Słoneczko przebiło się do pokoju przez brudne okna. Pora
uporać się z nimi. W sobotnie przed południe słuchając radia myłam okna. Po
zimie były wyjątkowo brudne. Włożyłam do pralki firanki i zasłony. Na wiosnę
wyjęłam inny komplet firanek. Na moim parapecie
mam przez całą zimę kompozycje ziół
takich jak bazylia, estragon, melisa pietruszka, szałwia. W osobnym pojemniczku
posiałam rzerzuchę. Uwielbiam zioła i ich aromatyczny zapach. Często
wykorzystuje je do posiłków. Po dłuższej pracy musiałam, sobie odpocząć przy
filiżance kawy i smacznych ciasteczkach produkcji Dr. Gerarda Mafijne Choco. Ja
sobie spokojnie siedziałam, a mąż
zakładał firanki i zasłony. Wtedy pomyślałam, że trzeba już schować grubsze
ubrania kozaki, kurtki, szaliki i czapki. Może jeszcze będą zimne dni, ale
napewno już bez siarczystych mrozów. Po niedzieli zabrałam się z zapałem do
wiosennych porządków. Najpierw rozpoczęłam przegląd szafy u naszych pociech.
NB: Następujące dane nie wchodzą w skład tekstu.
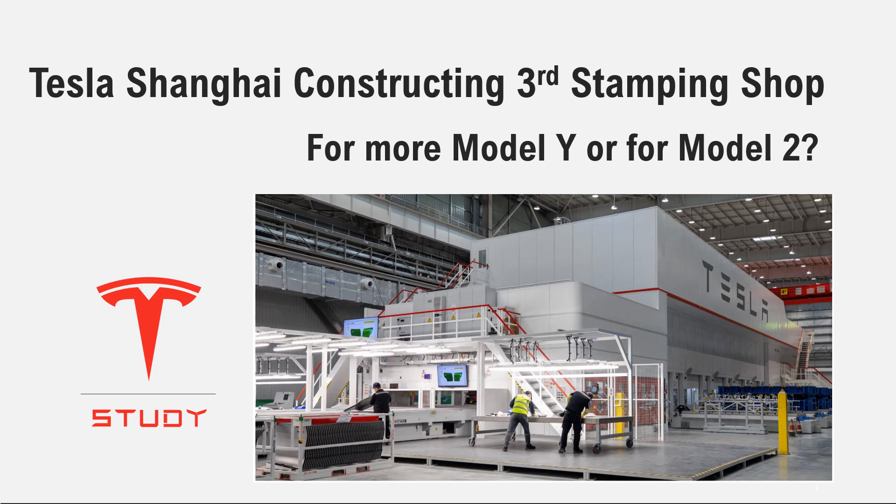Tesla Shanghai is constructing a third stamping shop, and there has been a lot of discussion about whether this is for Model 1 or Model 2.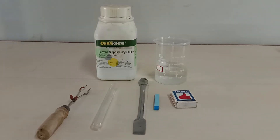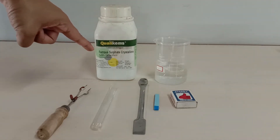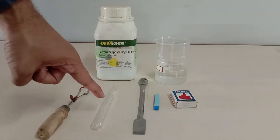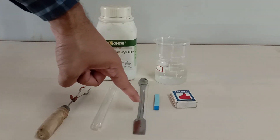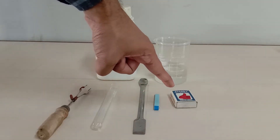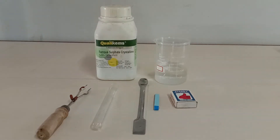For this experiment we require ferrous sulfate, a test tube, test tube holder, spatula, blue litmus paper, a matchstick box, water in a beaker, and a Bunsen burner.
Karolinka i Marcinek mają już sporo za krótkich ubrań. W najbliższych dniach
pojechałam z dziećmi po nowe kurtki i spodnie. Marcinkowi bez problemu kupiłam
nowe ubranka. Natomiast Karolince nic się nie podobało. Już było późno na
wyprawę do innych sklepów. W dziale spożywczym zaopatrzyłam się najważniejsze produkty. Natomiast dzieci
wrzuciły do koszyka słodycze produkcji Dr. Gerarda o nazwie zwierzaki maślane,
torcik zbożowy. Następnego dnia córka poszła do szkoły w ciasnej kurtce i w
krótkich spodniach. Po powrocie sama chciała jechać jak najszybciej na zakupy.
Wykorzystałam ten moment i kupiłam jej dwie pary spodni i porządną kurtkę.